Factory activity slows as Covid worry drags
Some companies suggested that favourable market conditions and fruitful advertising boosted demand for their goods.
Manufacturing activity expanded for the second straight month in August, but the pace of growth remained muted as demand showed signs of weakness due to the pandemic’s impact, a survey showed.
Data released by analytics firm IHS Markit showed the purchasing managers’ index (PMI) for the manufacturing sector declined to 52.3 in August from 55.3 a month earlier but stayed above the 50-level, separating expansion in activity from contraction. PMI is compiled based on responses from purchasing managers of around 400 manufacturers.

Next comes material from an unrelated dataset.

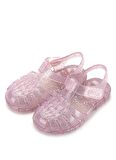 Igor Pembe Bebek Sandalet S10329 CLASICA CRISTAL
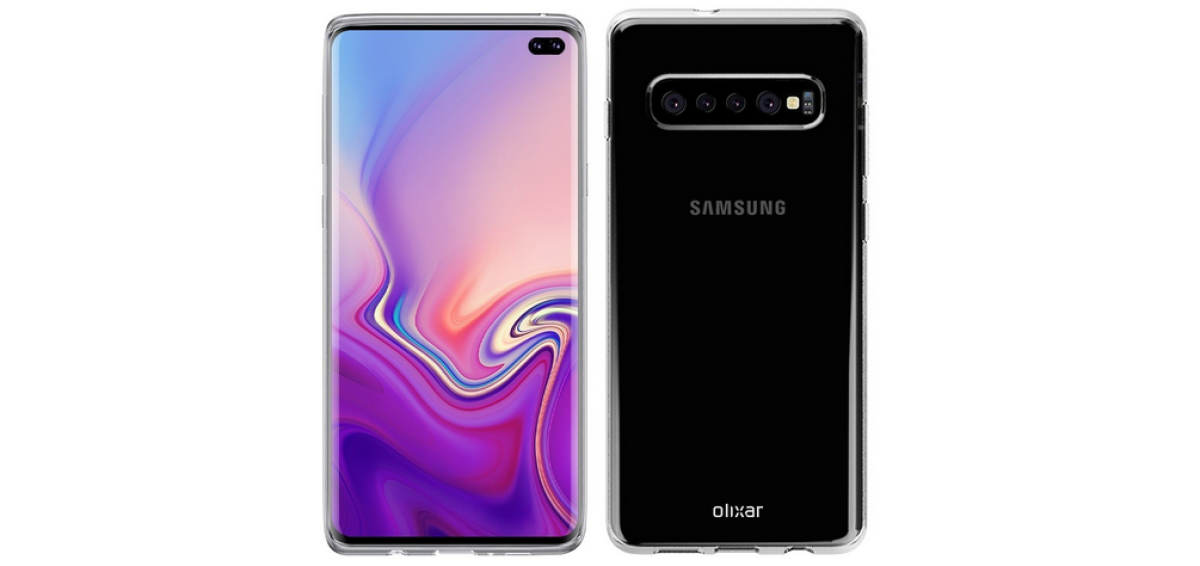 Samsung tendrá modelo conmemorativo, Galaxy S10X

In PMI parlance, a print above 50 means expansion while a score below 50 denotes contraction.
IHS Markit said that despite the expansion, the headline figure indicated a softer rate of growth. Growth was curbed by the pandemic and elevated price pressures, it said.
Some companies suggested that favourable market conditions and fruitful advertising boosted demand for their goods, the statement said.
Others noted that sales fell due to the pandemic. August data pointed to back-to-back increases in new export orders, but here too, growth lost momentum, the statement said.
Indian manufacturers also signalled a rise in cost burden.
Pollyanna De Lima, economics associate director at IHS Markit, said August saw a continuation of the Indian manufacturing sector recovery, but growth lost momentum as demand showed some signs of weakness due to the pandemic.
“Yet, factory orders and output rose across the consumer, intermediate and investment goods categories,” said Lima.
“The 12-month outlook for production remained positive, though confidence faded amid worries concerning the lasting scars of the pandemic and the adverse impact of rising costs on companies’ finances parallel to a lack of pricing power. Input prices increased sharply due to strong competition for scarce raw materials and transportation issues,” Lima said.
Uncertainty regarding growth prospects, spare capacity and efforts to keep a lid on expenses led to a hiring freeze in August, following the first upturn in employment for 16 months in July, the statement said.